Firstly - I am not working in the maths field, (so please be gentle), but I find maths interesting and would like to learn more while the brain-cells still permit.
I was posed a question recently which I need assistance with. It relates to the Discrete Fourier Transform and the calculation of the Root Mean Square values of both the original samples and the transform result.
BTW I am not at school, so this is not homework!

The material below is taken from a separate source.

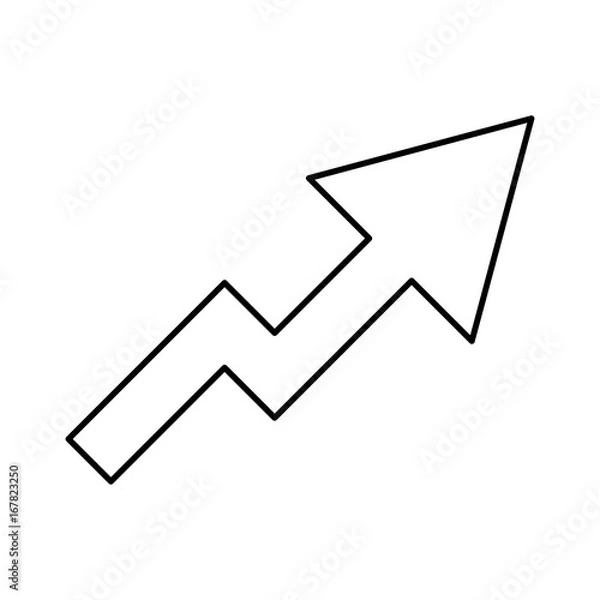 Fototapeta Chart of growth black color icon .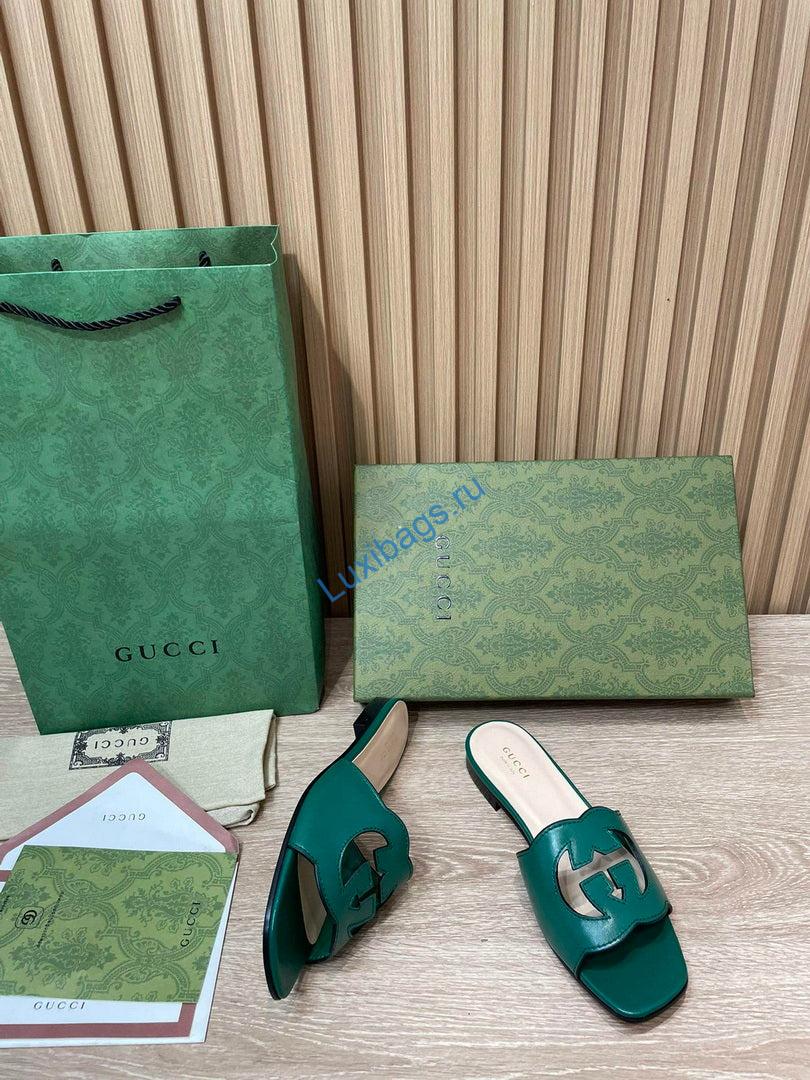 Gucci 694451 Women's Interlocking G cut-out slide sandal G66758 | gucci 694451 womens interlocking g cut out slide sandal g66758 6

if $F$ is the Discrete Fourier Transform of a sequence of values $X_N$ length $N$ and $RMS$ is the Root Mean Square of a sequence of values length $N$, how can one prove (or disprove) that ...
$RMS( X_N)=RMS(F(X_N))$
I understand some of the principles of Fourier Transformation and the relationship with primitive roots of unity, but not on a really detailed level.
Also I am keen to learn the correct mathematical way to denote this and to approach the problem.
Expressed as linear combination in any orthonormal basis, the square length of a vector is the sum of squares of its coefficients. To be more precise, let $\langle \cdot, \cdot \rangle$ be a (hermitean) inner product on the $n$-dimensional vector space $V$ and let $v_1, \ldots, v_n$ be any orthonormal basis of $V$. That is, $$\langle v_k, v_m \rangle = \delta_{km}$$ for any indices $k$, $m$. Then for a vector $v = c_1v_1+\ldots+c_nv_n$ expressed in this basis $$\lVert v \rVert^2 = \langle v,v\rangle = \lvert c_1\rvert^2 + \ldots + \lvert c_n\rvert^2.$$ In this light, your observation comes down to the fact that the standard basis $e_1, \ldots, e_n$ and the Fourier basis $\omega_1, \ldots, \omega_n$ are both orthonormal. Here $\omega_k$ is the vector $$\omega_k = \frac1{\sqrt{n}}(1, \zeta^k, \zeta^{2k}, \ldots, \zeta^{(n-1)k})$$ with $\zeta$ a primitive $n$-th root of unity (usually $\exp(2 \pi \mathrm{i}/n)$).